_Exercise objective_:
Beginning with the line that has "埃弗顿门将皮克福德扑出点球，本赛季已3次扑点成功率联赛第一", write out each line down to the end of the records below exactly, and include no pictures.

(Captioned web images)
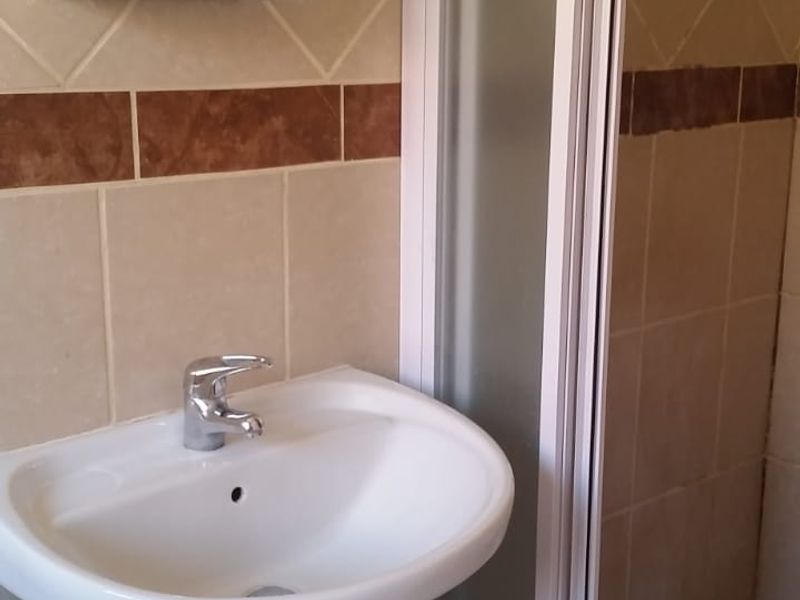 This charming flat, located on the first floor in Pretoria North - Photo 8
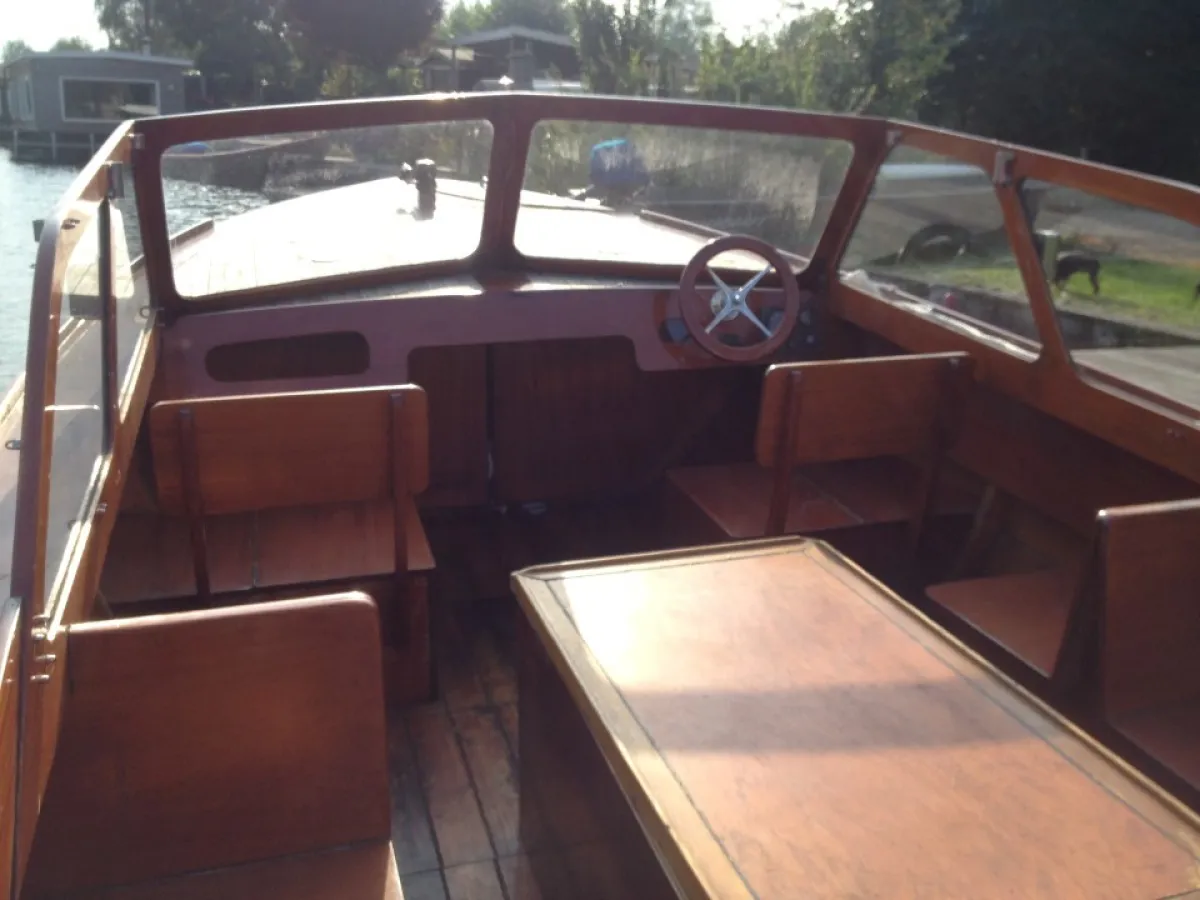 Wood Motorboat Runabout 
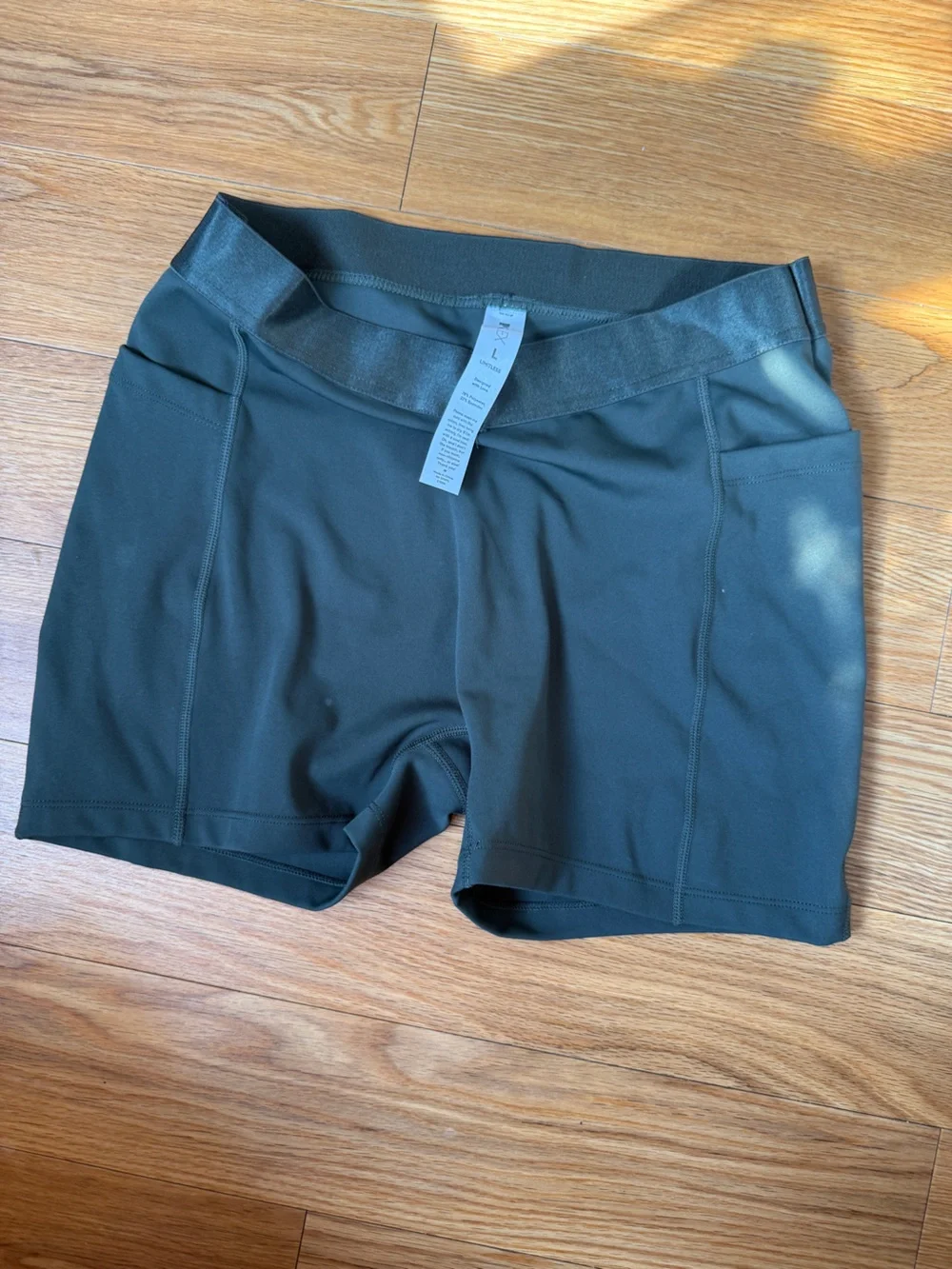 POPFLEX GREEN Bike Shorts with Subtle Logo - Picture 3 of 4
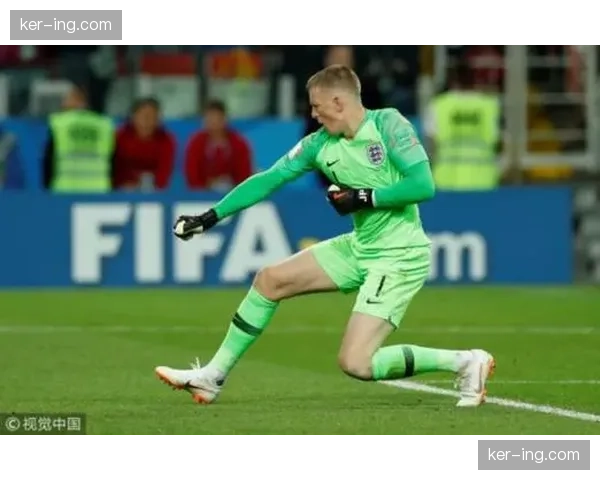 埃弗顿门将皮克福德扑出点球，本赛季已3次扑点成功率联赛第一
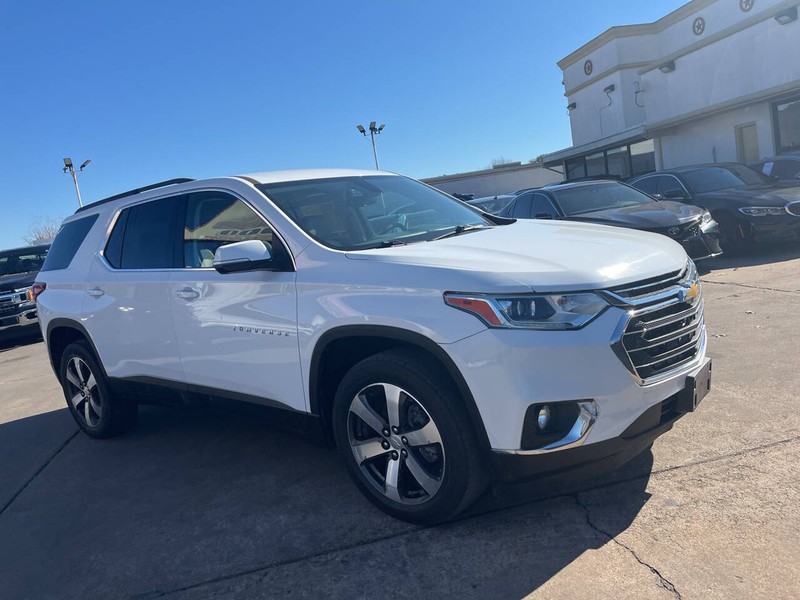 Chevrolet Traverse Vehicle Image 02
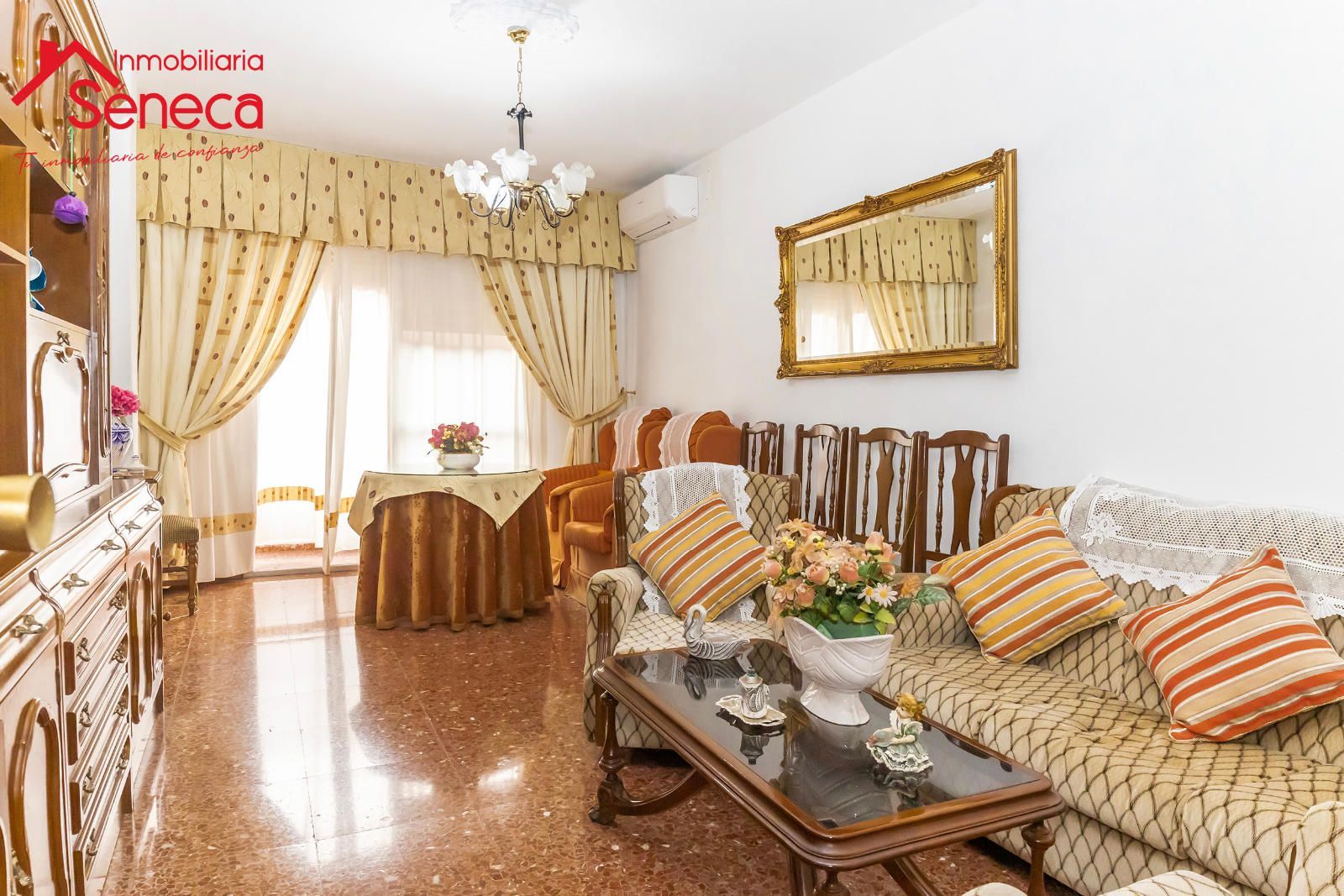 Living room of Flat for sale in Alcolea  with Air Conditioner and Terrace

_Task result_:
 埃弗顿门将皮克福德扑出点球，本赛季已3次扑点成功率联赛第一
 Chevrolet Traverse Vehicle Image 02
 Living room of Flat for sale in Alcolea  with Air Conditioner and Terrace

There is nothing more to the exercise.